Tahun ini adalah ramadhan pertamaku tidak di rumah. Corona adalah penyebabnya. Virus yang membuat negeri ini menerapkan kehidupnal "normal baru" katanya. Sejak itu pula ketika ingin keluar dan masuk dari Jakarta dibutuhkan SIKM (Surat izin keluar masuk). Masalahnya, barangkali verifikator dari SIKM ini orangnya berbeda-beda. Dengan dokumen yang sama, aku dan Dwi bisa mendapatkan jawaban yang berbeda. Dwi diterima SIKM-nya, sedangkanku aku tidak.
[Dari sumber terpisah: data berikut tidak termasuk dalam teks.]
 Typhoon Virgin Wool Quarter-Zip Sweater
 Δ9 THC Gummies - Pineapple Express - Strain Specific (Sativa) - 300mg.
Berangkat dari tidak punyanya SIKM, aku dan Dwi lebih memilih naik bus (selain karena harganya yang memang murah). Sebenarnya saat Faisal telepon ke maskapai Lion, petugas di seberang telepon menyebutkan bahwa SIKM sudah tidak diperlukan lagi dalam perjalanan menggunakan pesawat, namun yang membuatku ragu adalah dalam SE GUGAS COVID-19 masih disebutkan bahwa SIKM tetap dibutuhkan.

Jadilah, kami naikbus dari Jakarta ke Malang. Sebelumnya pada hari Selasa, 30 Juni 2020 aku dan Dwi mengurus rapid test di klinik A3A Jakarta. Yang baru aku sadari saat sampai di klinik tersebut adalah bahwa klinik itu ternyata klinik kecantikan HAHAHA. Tapi, selama corona ini juga melayani tes rapid. Setelah menunggu sekitar 20 menit kami pulang dengan mengantongi dokumen rapid tes berketerangan non-reaktif.

Tiga hari kemudian, tepatnya Jum'at, 3 Juli 2020, aku dan Dwi pulang ke Malang menggunakan bus Kramat Djato seharga Rp450.000. Jadwal keberangkatan Kramat Djato ada dari 2 pool bus, pool cillitan dan pool pondok pinang. Karena pool Cililitan cuma berjarak 4 km, akhirnya kami naik dari Cililitan. Di Traveloka sih jadwal keberangkatan dari pondok pinang 14.30 dan dari Cililitan juga sama 14.30.

TERNYATA, bus dari pondok pinang berangkat pukul 14.30, baru setelah itu menuju Cililitan menjemput kami. Tahu gitu, di aplikasi traveloka diganti pukul 15.00 atau 15.30 lah. Karena, kenyataannya kami berangkat pukul 15.45-an. Berbeda dari pengalaman naik bus sebelumnya, entah karena corona atau memang begitu, kami tidak mendapat bantal dan tidak mendapat selimut. Selain itu, saat makan yang biasanya prasmanan, saat ini kami makan dari nasi kotak.

Setelah perjalanan berbelas-belas jam, akhirnya pukul 4.00 kurang kami tiba di Malang. Alhamdulillah.